Coluna Vida em Sociedade: consagrada cura

O que temos guardado conosco? Juntamos tantos materiais inservíveis, não é mesmo? Quando voltamos nossa atenção a tudo que temos em casa, por exemplo, enxergamos que temos e colecionamos muito mais do que precisamos! E não é difícil perceber isso.

Basta abrirmos as gavetas dos armários, do guarda-roupas, das estantes ou mesmo da escrivaninha. Quanta coisa inútil empilhamos e somente refletimos a respeito quando o local já está expelindo papel, plástico e outras bugigangas por todo lado. Sem falar no quarto o qual chamamos de despensa.

Ali com certeza já não se encontra mais nada, tudo está “de pernas pro ar”. E se começarmos a remexer as malas e tudo que lá está, a poeira se levanta e é quase um sufoco! A despeito disso, tudo que está materialmente ao seu redor também pode refletir o seu interior. “Com o tempo, a poeira das nossas experiências, do nosso conhecimento, da vida que vivemos, do passado, vai se acumulando.

Essa poeira se torna o ego. O ego é apenas uma crosta sem vida em volta de você, ela tem de ser quebrada e abandonada a todo momento, para que essa crosta não se torne uma prisão”, é o que expressa o mestre indiano Osho.”
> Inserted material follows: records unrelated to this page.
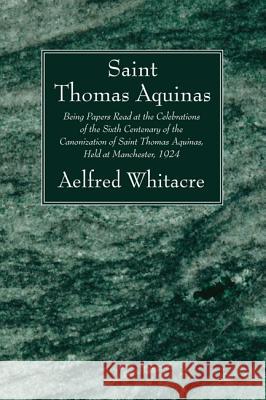 St. Thomas Aquinas Whitacre, Aelred 9781606088289 Wipf & Stock Publishers - książka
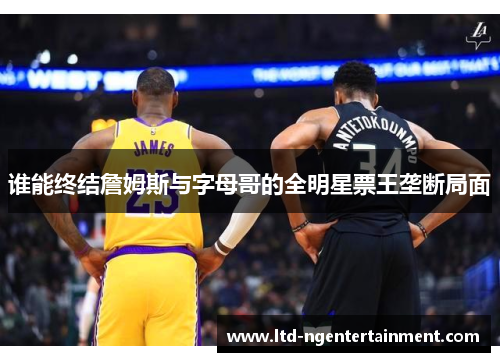 谁能终结詹姆斯与字母哥的全明星票王垄断局面 谁能终结詹姆斯与字母哥的全明星票王垄断局面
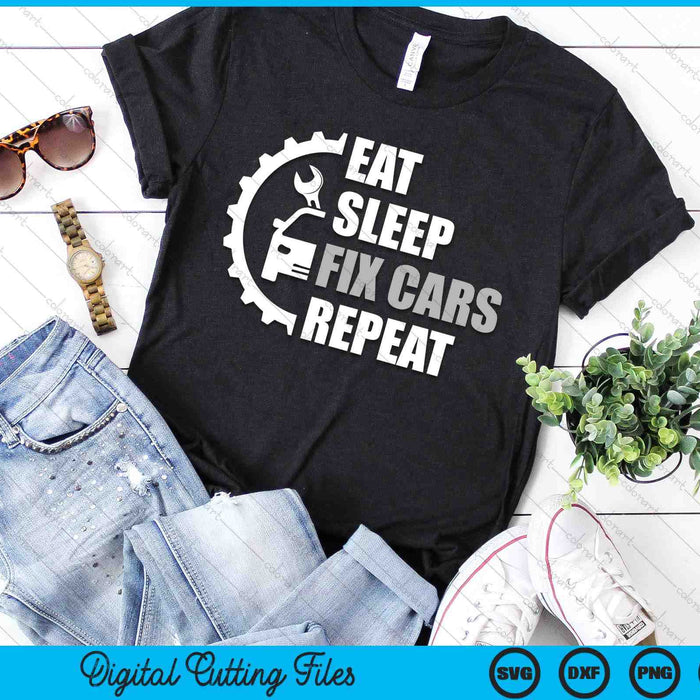 Eat Sleep Fix Cars Repeat Car Lover SVG PNG Digital Printable Files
Outrossim é que muitos de nós temos conservado tudo o que encontramos por aí, sejam pensamentos, sejam marcas de dor, sejam fortes emoções do dia. E até mesmo podem estar marcados por episódios de vácuo, de um vazio na existência. E neste diapasão para preenchermos nossa mente, estamos a incorporar pedaços e estilhas, cacos como em uma montagem de um quebra cabeça virtual.

“As ideias das pessoas são pedaços da sua felicidade, nos relata o dramaturgo inglês William Shakespeare”. Pode ser que estejamos em busca de novos horizontes; que tropeçamos ao amanhecer de mais um dia e descobrimos que há mais do que as quatro paredes que até então pareciam nos envolver.
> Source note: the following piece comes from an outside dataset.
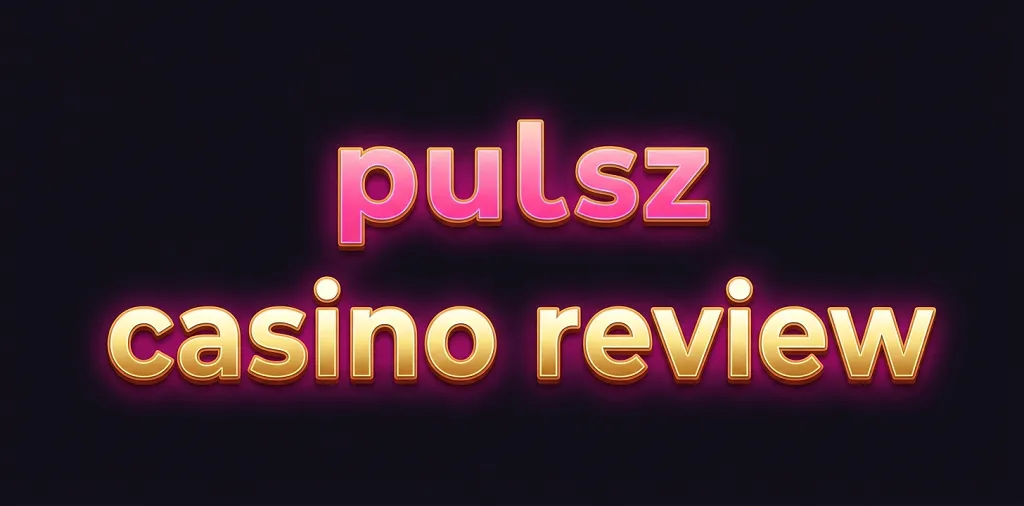 Pulsz Casino Review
Há um leve transpirar súbito e dito que parece sussurrar nos ouvidos para libertar as interrogativas. E carecemos transcender a personalidade inócua para que seja compreendida como uma singular em meio a tantas que habitam o universo e que pareciam orbitar a nossa volta.

E é no limiar do triunfo que mais uma vez percebemos que há um valor maior do que o de apenas guardar. Há uma misteriosa sensação de tranquilidade e de frescor que invade a mente e o corpo humano quando então realizamos a ação poderosa e extraordinária de doar. A força da doação seja de se entregar para uma boa ação, seja mais uma vez trabalhar para o bem do outro; seja o oferecer de um pedaço de pão; ou o brilho que se provoca nos olhos de alguém quando o tratamos com respeito, dignidade e consideração.

Todo gesto de devoção ao próximo é uma riqueza que jamais poderemos tocar. São importâncias intangíveis, sacrossantas e inexprimíveis. Todavia o resultado provocado em um simples sorriso, em saber ouvir e contribuir para que outro se descubra como ser humano pode transformar e prevalecer por toda uma vida no consciente e subconsciente daquele que foi alvo, ainda que estivesse em um momento de fragilidade.

Aquele aceno será propagado e multiplicado não somente por um, mas por uma multidão ainda que esparsa e descontínua. A consequência do poder de se doar pode muitas vezes, além disso, ser a cura consagrada de quem a faz.  E nas palavras da escritora holandesa Corrie Ten Boom, “a medida de uma vida, afinal, não é sua duração, mas sua doação.”

(*) Capitão PM – Comandante da 210ª Cia/10º BPM.